Following the publication of the UK government’s response to the consultation which sought views on plans for the UK to become a Contracting Party to the Hague Convention 2019 on Recognition and Enforcement of Foreign Judgments in Civil or Commercial Matters (“Hague 2019”), the UK government has confirmed that the UK “will sign Hague 2019 as soon as practicable”. A copy of the government response can be read here.

For those practising in international personal injury this is a welcome but meagre bowl of gruel to put on an otherwise empty post-Brexit table. It is not Lugano, but at least it is something. In this article Patrick Vincent KC considers the UK’s impending ratification of Hague 2019, what it means for international personal injury litigation, and in particular focuses on some of the concerning shortcomings of Hague 2019 by comparison to the position previously enjoyed under Brussels Recast.

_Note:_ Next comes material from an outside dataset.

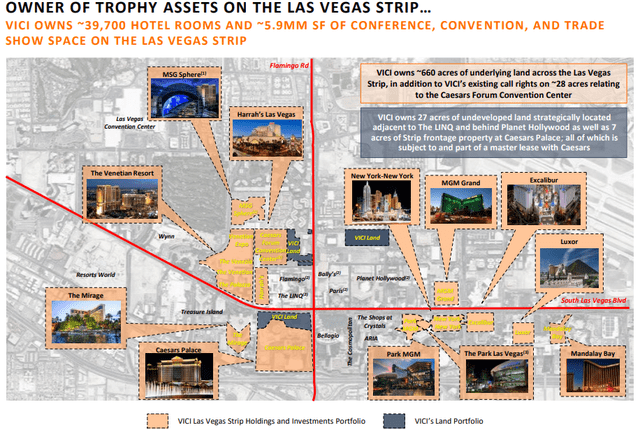 VICI Properties owns a lot of land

We are also grateful for the spirited response to the consultation exercise provided by Stewarts Law (Chris Deacon) and Clyde & Co (Craig Evans), and their excellent article for the New Law Journal, “The Hague Judgments Convention 2019: Filling the Gap?” which identifies some of the challenges with Hague 2019 and which can be read here.

Firstly, and potentially most problematically, is Article 2(1)(f) which provides that the Convention shall not apply to the carriage of passengers and goods. On first reading, the article appears to be concerned with commercial transport. However, digging into the 183 page “Explanatory Report” accompanying the Convention, things get a little more complicated. Paragraph 54 of that report reads as follows:-

“…the exclusion is not limited to commercial contracts for carriage and, therefore, it also covers consumer contracts and contracts between non-professionals e.g. the Convention does not apply to a judgment for personal injury to a passenger injured in an accident as a result of the driver’s negligence. Conversely, this exclusion does not cover damages to third parties, e.g. a victim in an accident who was not a passenger.”

The exclusion itself does not mention the word “contract” at all. To the extent that it is said that Article 2(1)(f) goes beyond commercial contracts and applies to “non-professionals” such as a driver and passenger, one wonders whether what is meant here is “…agreements between non-professionals…” – such as A agreeing to B being a passenger in a car driven by A. If so, a judgment obtained by a passenger against a negligent driver cannot be enforced under the Convention. But the exclusion does not cover victims who are not passengers – such as pedestrians. So, if a negligent driver injures a passenger and a pedestrian in the same accident the passenger’s judgment is excluded but the pedestrian’s claim is not. As many international personal injury claims related to road traffic claims, there is potentially a worrying lacuna here.

Secondly, Article 3(1)(b) provides that for the purposes of the Convention “An interim measure of protection is not a judgment.” In the UK, an order for an interim payment in a personal injury claim is as good as judgment for enforcement purposes. If there was any doubt about whether such an order is an “interim measure of protection” covers such orders it is dispelled by Paragraph 99 of the Explanatory Report, which states “ ‘Interim measure of protection’ covers measures that serve two main purposes: providing a preliminary means of securing assets out of which a final judgment out of which a final judgment may be satisfied…an interim order for payment cannot be recognised or enforced under the Convention.” That creates a further difficulty in personal injury claims and in particular, the more serious large claims that could run for years where interim funding is badly needed by the victim.

Thirdly, in Article 3(1)(b) the Convention defines a judgment to mean “any decision on the merits given by a court …”. Whilst this definition can include a judgment in default, the wording of the definition means that no provision is made for settlements which, as we well know, if the means by which the majority of personal injury claims conclude. This clearly creates a further potential enforcement difficulty for those working in this area.

In its response to the consultation the UK Government has indicated that accession to the Hague Convention will not dampen its enthusiasm for Lugano. We hope that is true. That Hague Convention is a start but – please could we have more?